#Email Spam Classification using GPT2 and LangChain


In [2]:
!pip install langchain-huggingface transformers

Collecting langchain-huggingface
  Downloading langchain_huggingface-0.3.0-py3-none-any.whl.metadata (996 bytes)
Downloading langchain_huggingface-0.3.0-py3-none-any.whl (27 kB)
Installing collected packages: langchain-huggingface
Successfully installed langchain-huggingface-0.3.0


Import required libraries


In [24]:
import pandas as pd
from langchain_huggingface import HuggingFacePipeline
from langchain.prompts import PromptTemplate


Load the dataset


In [25]:
df = pd.read_csv("spam.csv")
emails = df['text'].tolist()  # Adjust 'text' if your column name differs


Initialize GPT2 model pipeline with LangChain

In [26]:
hf_gpt = HuggingFacePipeline.from_model_id(
    model_id="gpt2",
    task="text-generation",
    pipeline_kwargs={"max_new_tokens": 10},
)


Device set to use cpu


Create a prompt template for classification


In [27]:
template = """
Classify the following email as "spam" or "not spam". Respond only with the class name.
Email: {email}
Class:"""
prompt = PromptTemplate.from_template(template)


Define the classification function


In [28]:
def classify_email(email_text):
    input_prompt = prompt.format(email=email_text)
    output = hf_gpt(input_prompt)
    output_clean = output.lower().strip()

    if "spam" in output_clean:
        return "spam"
    else:
        return "not spam"


Classify emails and display results

In [29]:
classified_results = []
for email in emails[:10]:
    classification = classify_email(email)
    classified_results.append({'email': email, 'classification': classification})

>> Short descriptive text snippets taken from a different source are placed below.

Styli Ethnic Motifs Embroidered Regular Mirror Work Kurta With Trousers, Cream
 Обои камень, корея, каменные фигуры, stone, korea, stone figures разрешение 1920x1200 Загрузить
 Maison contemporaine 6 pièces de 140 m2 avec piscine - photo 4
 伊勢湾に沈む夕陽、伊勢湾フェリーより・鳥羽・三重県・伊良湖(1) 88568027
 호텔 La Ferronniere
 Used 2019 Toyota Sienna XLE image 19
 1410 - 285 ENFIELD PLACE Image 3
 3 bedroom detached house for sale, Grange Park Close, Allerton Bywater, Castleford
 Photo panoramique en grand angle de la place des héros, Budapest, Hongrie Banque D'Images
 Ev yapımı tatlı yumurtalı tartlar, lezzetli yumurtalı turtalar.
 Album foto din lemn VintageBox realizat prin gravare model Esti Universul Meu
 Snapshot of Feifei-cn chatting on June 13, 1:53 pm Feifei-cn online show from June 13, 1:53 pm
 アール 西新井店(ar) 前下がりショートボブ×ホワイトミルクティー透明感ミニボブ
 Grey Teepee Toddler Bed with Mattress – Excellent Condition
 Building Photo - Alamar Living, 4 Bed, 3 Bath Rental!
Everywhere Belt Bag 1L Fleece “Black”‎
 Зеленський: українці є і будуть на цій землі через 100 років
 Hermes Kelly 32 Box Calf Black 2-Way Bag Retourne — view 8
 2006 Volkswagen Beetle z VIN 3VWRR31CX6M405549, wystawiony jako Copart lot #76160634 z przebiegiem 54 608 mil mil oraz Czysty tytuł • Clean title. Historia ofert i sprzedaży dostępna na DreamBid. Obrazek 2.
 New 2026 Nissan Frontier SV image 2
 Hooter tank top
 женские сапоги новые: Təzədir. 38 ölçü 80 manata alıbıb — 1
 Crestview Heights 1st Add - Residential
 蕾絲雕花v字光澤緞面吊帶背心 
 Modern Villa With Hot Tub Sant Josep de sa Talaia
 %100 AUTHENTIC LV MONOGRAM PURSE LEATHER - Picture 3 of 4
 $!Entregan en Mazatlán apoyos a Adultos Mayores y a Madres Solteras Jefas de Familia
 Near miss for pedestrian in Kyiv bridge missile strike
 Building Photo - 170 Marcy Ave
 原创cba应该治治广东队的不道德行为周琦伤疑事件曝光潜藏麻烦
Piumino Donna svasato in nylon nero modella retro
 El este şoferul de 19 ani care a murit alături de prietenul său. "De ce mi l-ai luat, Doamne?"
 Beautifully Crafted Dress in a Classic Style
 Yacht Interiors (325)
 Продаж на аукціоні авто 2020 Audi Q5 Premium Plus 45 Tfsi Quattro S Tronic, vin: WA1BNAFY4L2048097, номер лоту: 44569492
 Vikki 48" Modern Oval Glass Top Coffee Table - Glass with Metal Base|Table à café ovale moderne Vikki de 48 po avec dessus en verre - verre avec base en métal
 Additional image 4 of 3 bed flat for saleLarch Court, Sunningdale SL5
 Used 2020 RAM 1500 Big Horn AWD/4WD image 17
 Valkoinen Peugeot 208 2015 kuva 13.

for result in classified_results:
    print(f"Email: {result['email'][:50]}...\nClassification: {result['classification']}\n---")


Email: Go until jurong point, crazy.. Available only in b...
Classification: spam
---
Email: Ok lar... Joking wif u oni......
Classification: spam
---
Email: Free entry in 2 a wkly comp to win FA Cup final tk...
Classification: spam
---
Email: U dun say so early hor... U c already then say......
Classification: spam
---
Email: Nah I don't think he goes to usf, he lives around ...
Classification: spam
---
Email: FreeMsg Hey there darling it's been 3 week's now a...
Classification: spam
---
Email: Even my brother is not like to speak with me. They...
Classification: spam
---
Email: As per your request 'Melle Melle (Oru Minnaminungi...
Classification: spam
---
Email: WINNER!! As a valued network customer you have bee...
Classification: spam
---
Email: Had your mobile 11 months or more? U R entitled to...
Classification: spam
---


#Summary
We used LangChain’s HuggingFacePipeline to interface GPT2 for email classification.

The prompt template directs the model to output a concise class label.